Fear. Mistrust. Judgement. Anger. Pride.

I’m considering a month long experiment –  this morning in my quiet time I so enjoyed my extended time on the back porch with just a cup of coffee and the scripture, that I became disgusted with myself.

I realized that I am so lazy and waste so much time.  I remember a time – and not too long ago – when I passionately pursued my relationship with the Lord.  Where did that go?  How did I get to here?

Through some recent experiences and observations that have been placed before me, I have spent a bit of time reflecting and getting really honest with myself… Frankly, that can be a really scary place.   In that introspection, I didn’t like what I saw.  When I peel off the sanguine exterior and the professional demeanor, I have come to realize just how true the old saying “… you are what you eat…” is in my life.  Ha ha… not because I’ve become a cup of coffee or anything, but because of what my life has become… self absorbed, stressful, angry, and negative.  Those characteristics are NOT what I am nor what I want to be.  As a result of them, I’ve found myself more distanced from my family and friends and find myself a little lonely.

Those who know me, may not yet see it because mostly it stays on the inside, just simmering like a big pot of chili on low heat on the back eye of the stove.  But I know it’s there.  I know it wouldn’t take much for the pot to boil over and splatter that hot chili all over my kitchen and potentially on my family and friends.

How did it I get here?  Fear. Mistrust. Judgement. Anger. Pride.  These are my demons I battle regularly.  They seem to have the most impact when my life is hectic and God get’s pushed out of my schedule so I can watch TV.  There.. how’s that for being real?

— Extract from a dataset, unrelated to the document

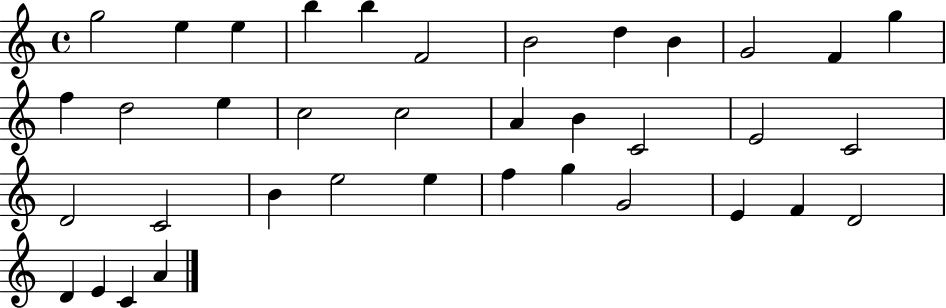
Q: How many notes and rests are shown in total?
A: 37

The idiot box is the prime source of everything negative, fearful, judgmental and self absorbing.  The other biggest source other people.  So many people are fearful, mistrusting, judgmental, angry, and self-absorbed… just like me.

This morning, I honestly and actually turned my own stomach.

So in my time with Daddy this morning, this little idea sprouted in my head…  (I’m fairly sure I know where it came from…  see James 1:17)

I’ve been captivated for the last several weeks on

Philippians 4:8 (The Message) Summing it all up, friends, I’d say you’ll do best by filling your minds and meditating on things true, noble, reputable, authentic, compelling, gracious—the best, not the worst; the beautiful, not the ugly; things to praise, not things to curse.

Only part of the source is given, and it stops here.